━━━ TASK INPUTS

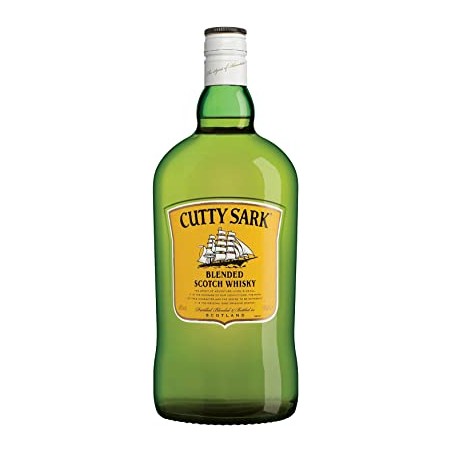 Petaca Cutty Sark 20 Cl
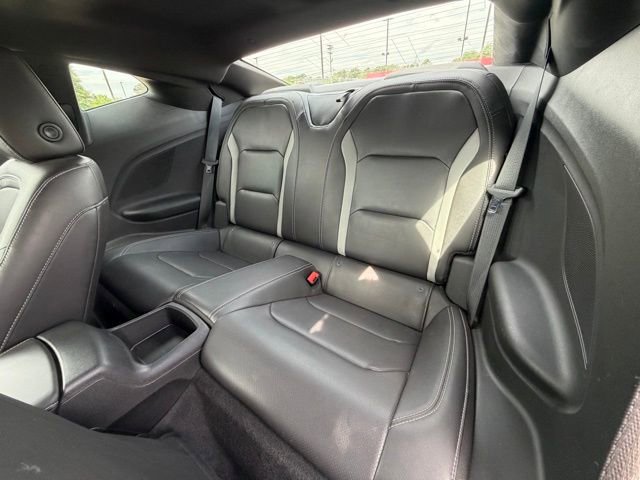 2018 Chevrolet Camaro LT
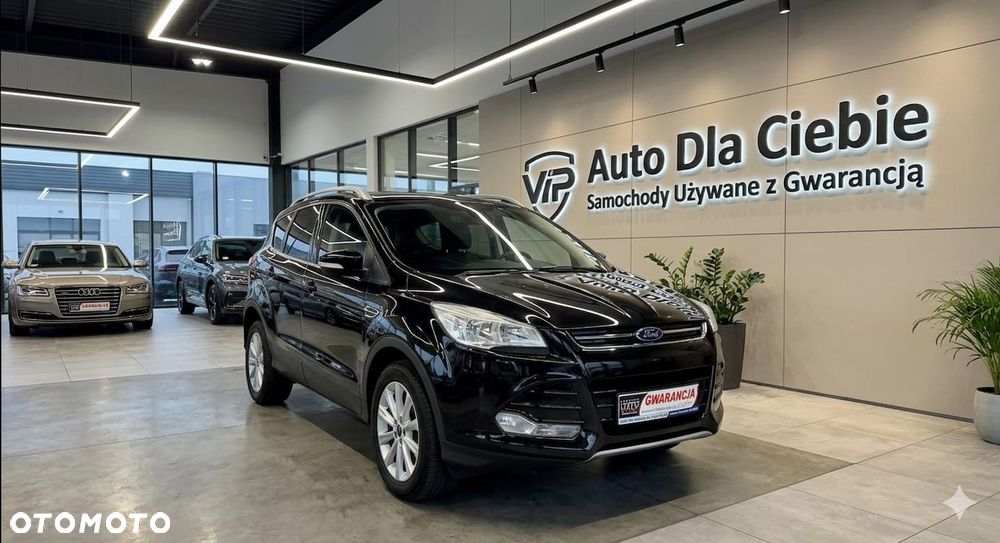 Ford Kuga - 8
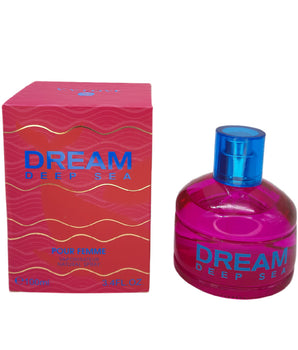 PERFUME MUJER DREAM DEEP SEA VL9903-1 LIVIA 100ML PAQ3 @PAQ3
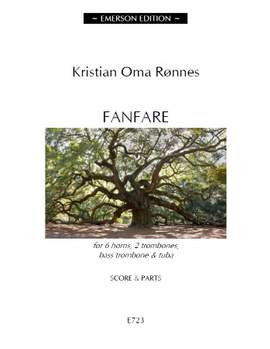 Kristian Oma Rønnes: Fanfare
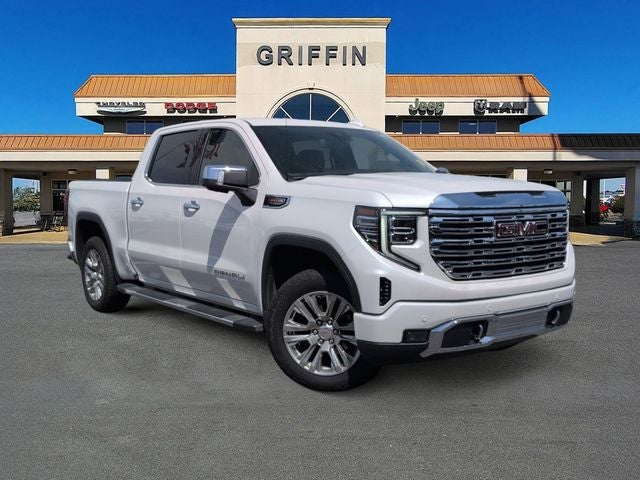 2022 GMC Sierra 1500 Denali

━━━━━━

Pictures are to be omitted; otherwise, write out the data exactly as it appears.

* RESULT OF THIS EXERCISE:
 Petaca Cutty Sark 20 Cl
 2018 Chevrolet Camaro LT
 Ford Kuga - 8
 PERFUME MUJER DREAM DEEP SEA VL9903-1 LIVIA 100ML PAQ3 @PAQ3
 Kristian Oma Rønnes: Fanfare
 2022 GMC Sierra 1500 Denali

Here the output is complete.